Fourth issue is that I'm assuming this will be quite dry. I have read about adding some lactose to help sweeten it a bit, but have never done this before. Can I add this after fermentation? And how much do I add to get it to semi-sweet? I'll put up my exact recipe when I get home for everyone to pick apart 
Oh, and my final starting gravity ended up being 1.036.


----------



## Airgead (15/2/12)

Machalel said:


> Hi all,
> On the weekend I started my first cider with real fruit, and had a few things that didn't go as planned / stumped me.
> I'm doing an Apple, pear, and plum, and without a fruit press, had to resort to a food processor. This is when I ran into my first problem - I had no clue how to measure the specific density of this pulp. I am assuming that the yeast will consume some of the sugars in the solids, so my final ABV will be more than what I can estimate?
> The second issue was that when I pitched everything into the primary and took a reading, it was much too low (1.028). This is in part due to me adding too much water, but also (I assume) because I didn't "press" the juice?
> ...



OK.. first up, adding yeast to fruit pulp will get you fermented fruit pulp. You still need some way to extract the juice from the pulp. Much better to do that bwefore fermentation as doing it after you get off flavours from the oxidising pulp etc. You also shouldn't need to add water at all. A cider is usually 100% juice. No water. Juice on its own is around 1.040 to 1.050 or so. No water required.

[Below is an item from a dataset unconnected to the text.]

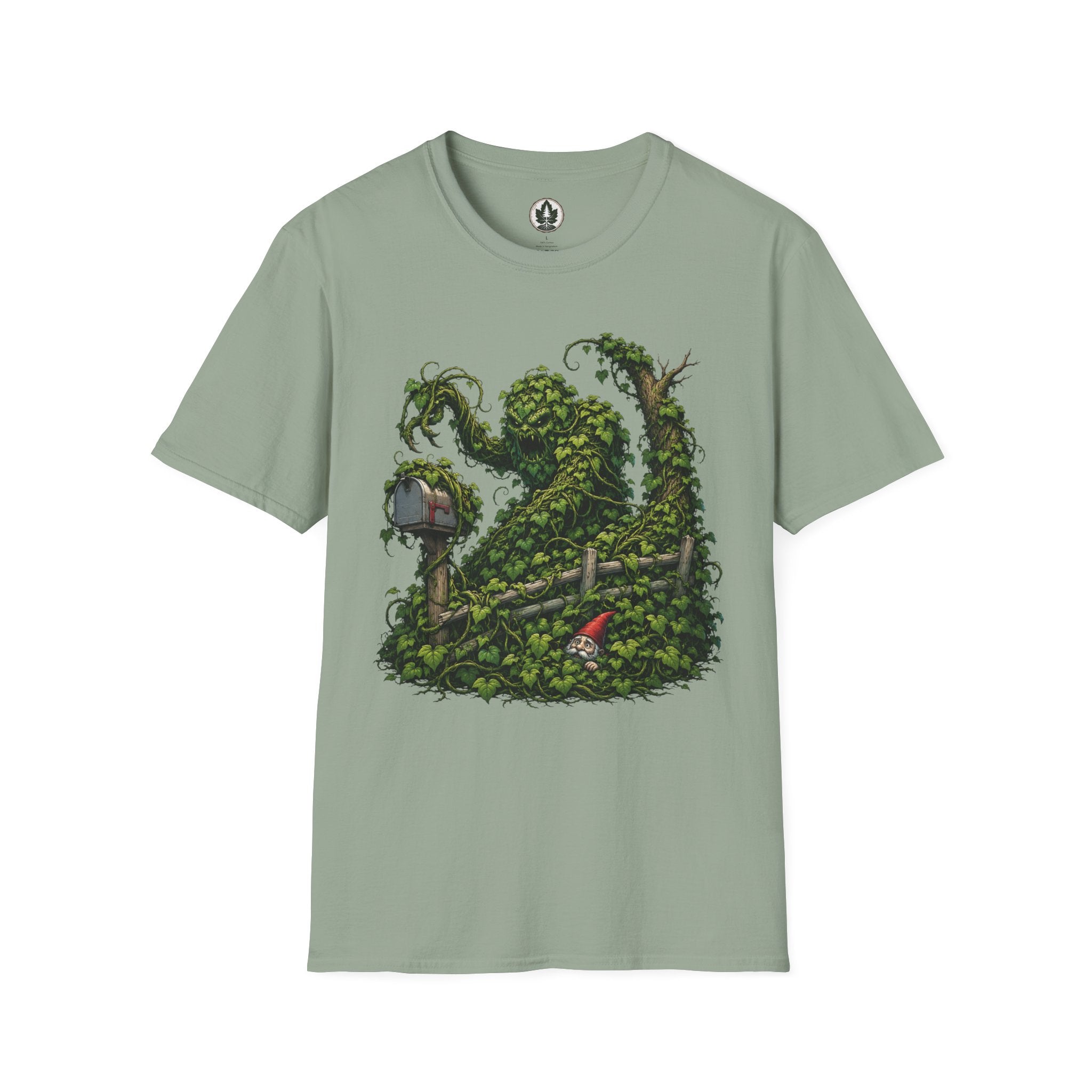 Kudzu Vine Monster with Garden Gnome Version 1 T‑Shirt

Beersmith (and all brewing software to date) is really bad at ingredients like juice that provide both sugar and water content. They just can't handle it. All the measurements in beersmith aren't the SG of the ingredient but the contribution to SG of the brew in points per pound per gallon (so one pound of a 1.00 ingredient in 1 gallon will raise the SG by 1 point). That's a really hard calculation to do. I usually don't bother.

Cheers
Dave


----------



## machalel (15/2/12)

Airgead said:


> OK.. first up, adding yeast to fruit pulp will get you fermented fruit pulp. You still need some way to extract the juice from the pulp. Much better to do that bwefore fermentation as doing it after you get off flavours from the oxidising pulp etc. You also shouldn't need to add water at all. A cider is usually 100% juice. No water. Juice on its own is around 1.040 to 1.050 or so. No water required.
> 
> Beersmith (and all brewing software to date) is really bad at ingredients like juice that provide both sugar and water content. They just can't handle it. All the measurements in beersmith aren't the SG of the ingredient but the contribution to SG of the brew in points per pound per gallon (so one pound of a 1.00 ingredient in 1 gallon will raise the SG by 1 point). That's a really hard calculation to do. I usually don't bother.
> 
> ...



Thanks Dave,

Yeah I had a bit of a brain-fart (it _was_ late at night) so half of the fruit is 'pulped' and half is 'pressed' (well, as pressed as I could make it with random kitchen items). Oh, and by pulped I mean blended up in the blender with a bit of water, so it's kinda more like slops than pulp 

Yeah, I now know that I shouldn't add water... I dont know why I did... habbit from making beer I guess?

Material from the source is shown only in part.